• Activity: The lines from the one holding "Tavlor modernt Avocado With Hedgehog" through the end of the records below are to be written out exactly, and nothing else; pictures are to be left out.

-- Data extract follows --

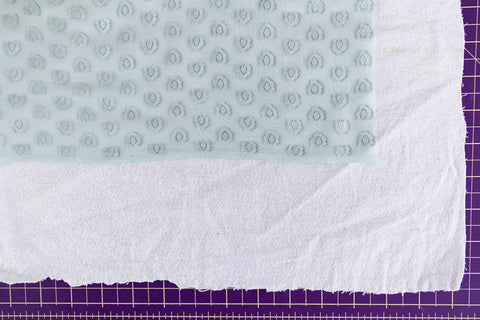Photo of sheer silk on flannelette sheet
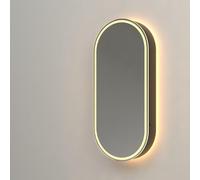 Saniclass Shine armoire de toilette - ovale - 45 x 100 x 14 cm - LED indirecte tout autour - chauffage de miroir - Noir SW1236526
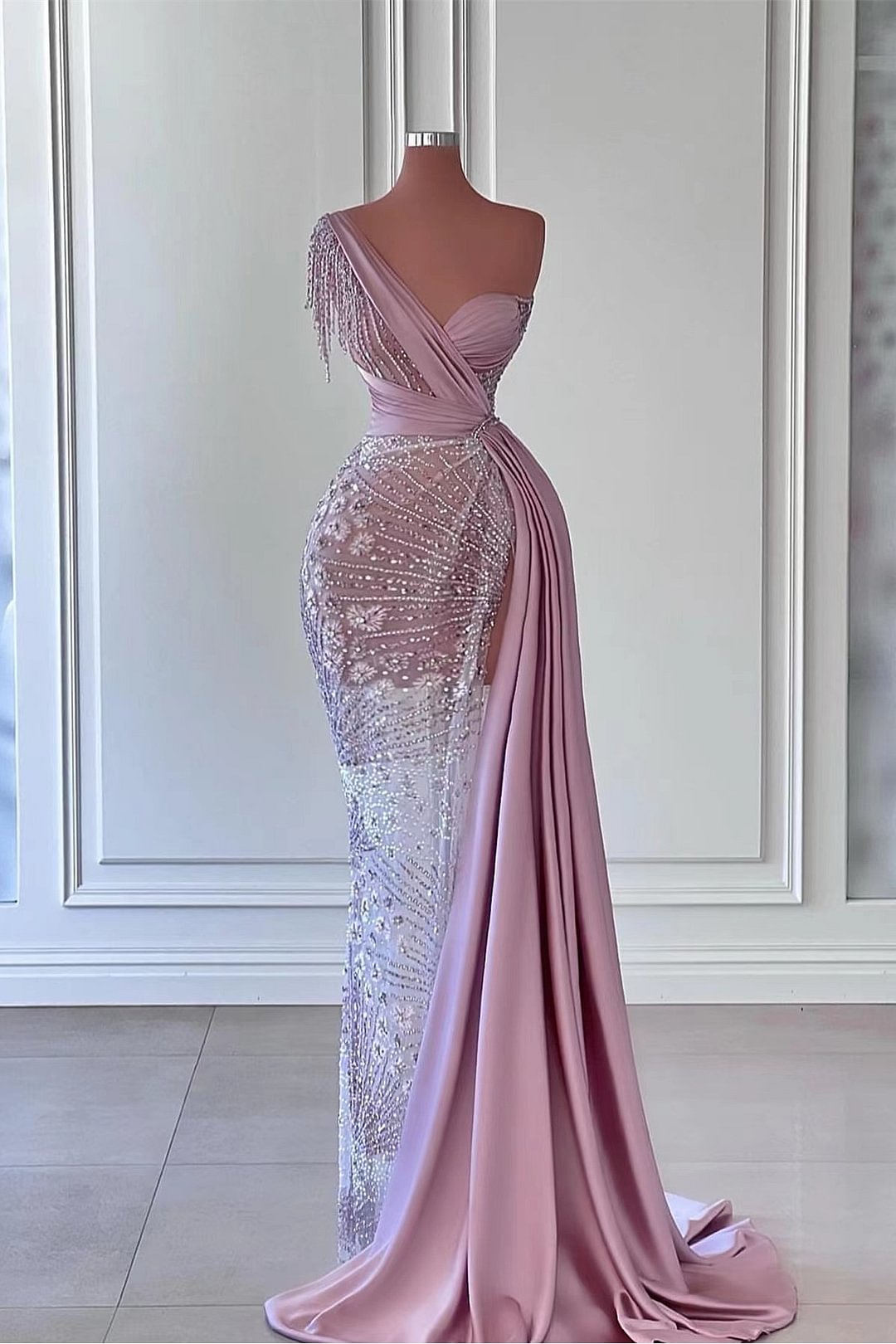 Wunderschöne ein Schulter Schlitze Meerjungfrau Abendkleid mit Perlen JT0003 Lunass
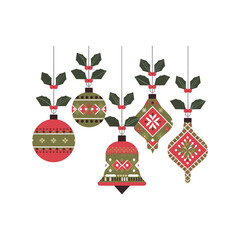 Traditional Christmas Ornaments with Holly Leaves and Hanging Decorations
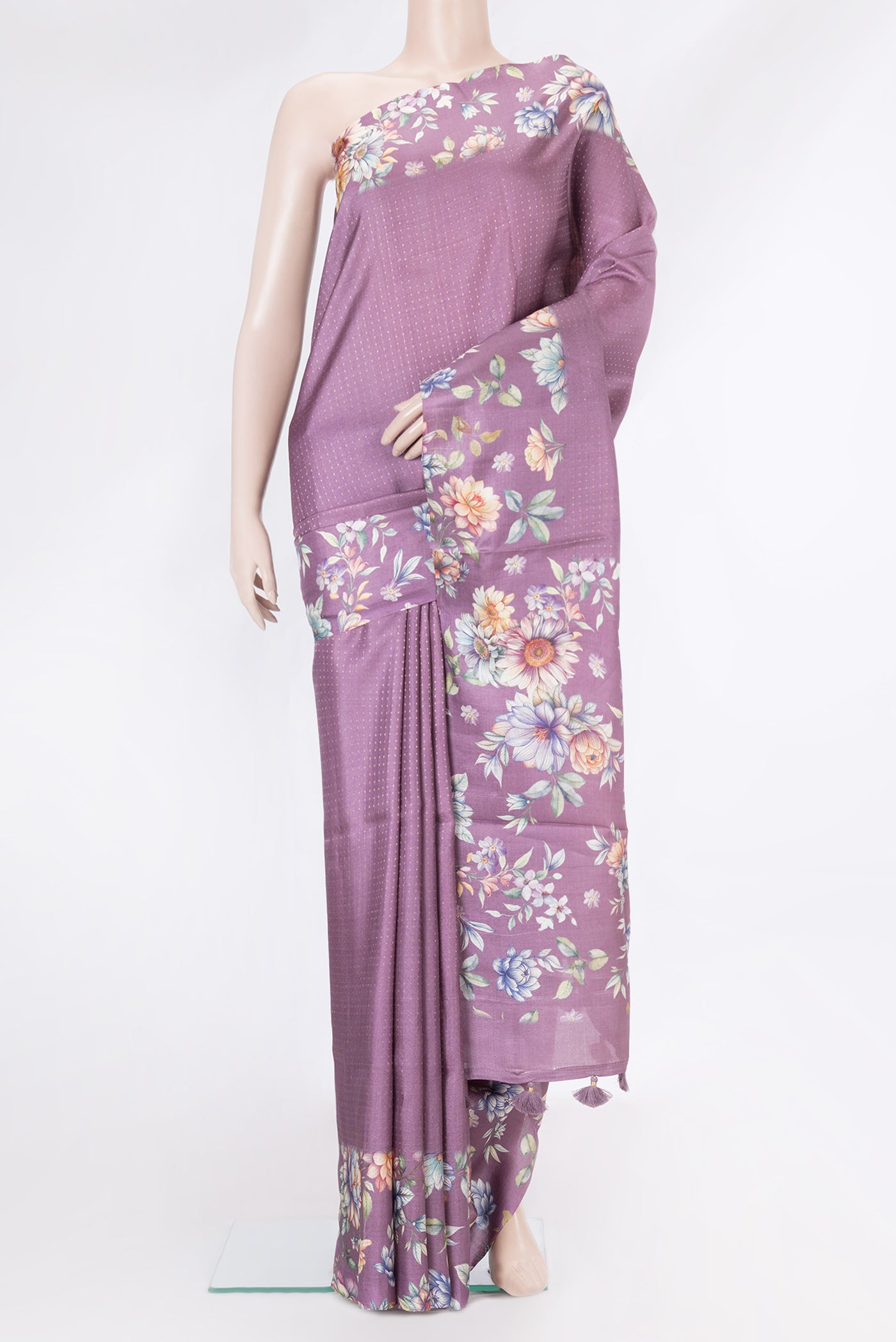 Lavender Dual Tone Tussar Silk Saree with Stripes on the body and Fancy Border.  displayed on a mannequin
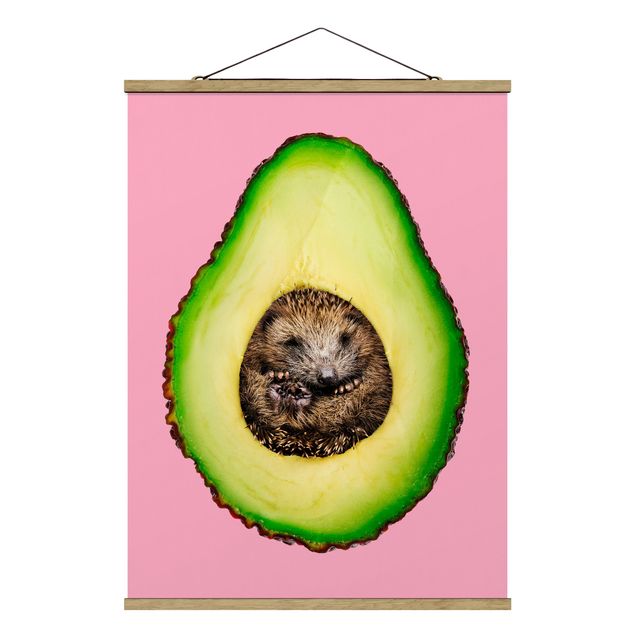 Tavlor modernt Avocado With Hedgehog
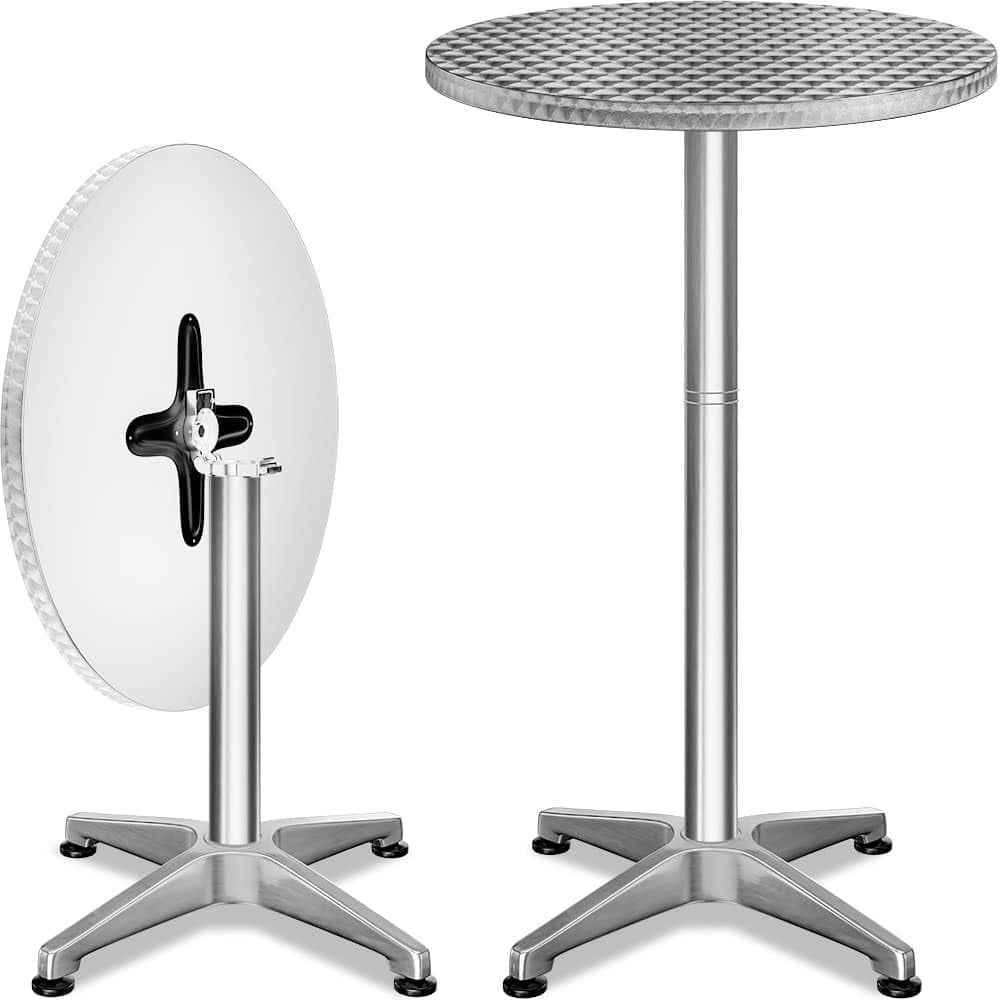 Set di 2 Tavoli da Bar Pieghevole Regolabile 70cm / 115cm Alluminio Rotondo Ø 60cm Tavolo Giardino Bistrot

-- Data extract concluded --

• Result for this exercise:
 Tavlor modernt Avocado With Hedgehog
 Set di 2 Tavoli da Bar Pieghevole Regolabile 70cm / 115cm Alluminio Rotondo Ø 60cm Tavolo Giardino Bistrot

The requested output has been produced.